|Kate O'Brien, Humbug Billy - The Bradford sweet poisoning of 1858, 2010. Digital photograph. 40.6 x 61cm|
Kate O'Brien is a Brisbane-based photographer whose work is currently being featured in The Antipodean Steampunk Show. We caught up with Kate to chat about art, Brisbane, and Steampunk.
What was your first encounter with Steampunk?
I believe it was a photograph of set designer, Kit Stolen by the Russian American photographic artist Nadya Lev. He is pictured wearing a dusty Victorian ensemble including a brocade vest and tailcoat with leather gloves and hair falls, equal parts black plastic strapping, dreadlocks and rusty springs. For a while there it was the image most people associated with the genre and is still in the top 10 results on google image search when you use Steampunk as your keyword.
|Kate O'Brien, Hull, 2008. Digital photograph. 58.4 x 48.3cm|
Where do you draw inspiration from for your photographs?
I don't tend to look at the other work of photographers very much, but rather I draw my inspiration from small details in paintings and historical clothing. I love looking at embroidery on Belle Époque gowns or William Morris wallpaper designs for visual cues for my own work. I also source a lot of French antiques and textiles to use as props and costumes. Often a small thing can inspire an elaborate image, such as the 200 year old silk Brocade I used for the waistcoat in my image, "Humbug Billy: The Bradford Sweet Poisoning of 1858".
What message do you take from the Steampunk movement?
I don't feel the movement is especially unified so it's hard to take one singular message from Steampunk. I can only speak for my own ideals and beliefs, which is that the decorative and ornamented is what sets us apart from being soulless robots. In the last 100 years we have moved away from the skills and aesthetic beauty that used to be commonplace in ordinary household goods.

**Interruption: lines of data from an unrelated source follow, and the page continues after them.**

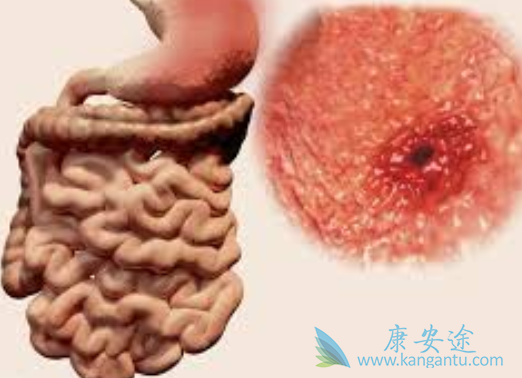 胃肠道间质瘤 胃肠道间质瘤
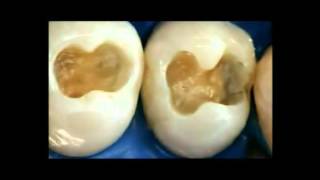 EQUIA Restoring the Posterior Dentition  Case 2 Video [upl. by Celestia]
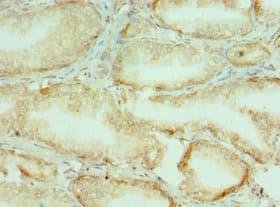 Polyclonal Rabbit anti-Human COL10A1 / Collagen X Antibody (aa521-680, IHC)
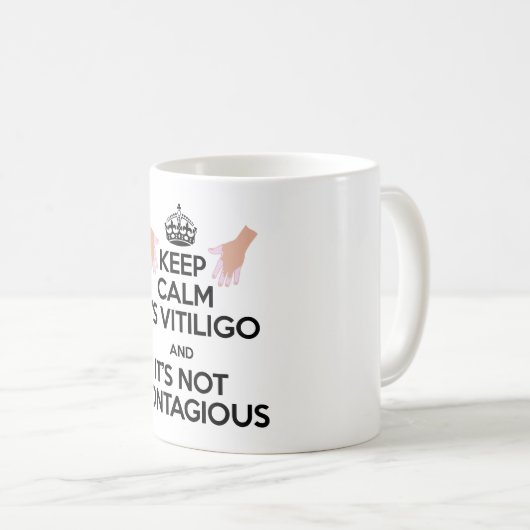 Vitiligo Bewusstseins-tägliche Tasse! Kaffeetasse (VorderseiteRechts)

It's no longer economically viable to allow the everyday consumer access to things made with craftsmanship and beauty and we are conditioned to believe that a clinical piece of hardware such as the iphone or ipad is the pinnacle of achievement in design and function. I believe and hope that after a century of having decoration systematically stripped out of our lives, the thirst for that beauty will return.
|Kate O'Brien, Ava Nara, 2008. Digital photograph. 50.8 x 40.6cm|
Your photographs often feature elaborate sets and costumes. How long does it generally take for an image to go from concept to finished product?
It really depends on the concept and the financial constraints. I don't shoot as regularly as I used to, but that was a conscious decision so that I could refine my concepts and create a higher quality outcome. Some images sit in the back of my mind while I collect bits and pieces for them while others only take a couple of months. Many of the props in my images are from chance encounters and there is very little I can just decide I need and go and purchase. Even things like fabric, which is usually readily available needs to be sewn into a finish garment or backdrop. It's very labour intensive, but I think it helps me maintain the level of detail in my work that people immediately notice when they see my finished images.
|Kate O'Brien, Paris green, 2012. Digital photograph. 61 x 40.6cm.|
Do you have a favourite piece in The Antipodean Steampunk Show?
I really love Russell Anderson's tea bag jiggler. It really personifies the quirkiness of the genre. It's the classic Steampunk "Infernal Contraption". Definitely my favourite piece in the show!
What’s the best thing about being an artist in Brisbane?
Without sounding too sappy, getting the opportunity to have my work in the show at Artisan and the support I've had from local Brisbane people whom I'd never met before. There is a strong sense of community in the Brisbane art scene and it is really encouraging for relatively new artists such as myself.
You can see Kate's work on display at Gallery artisan as part of The Antipodean Steampunk Show until the 15th of December.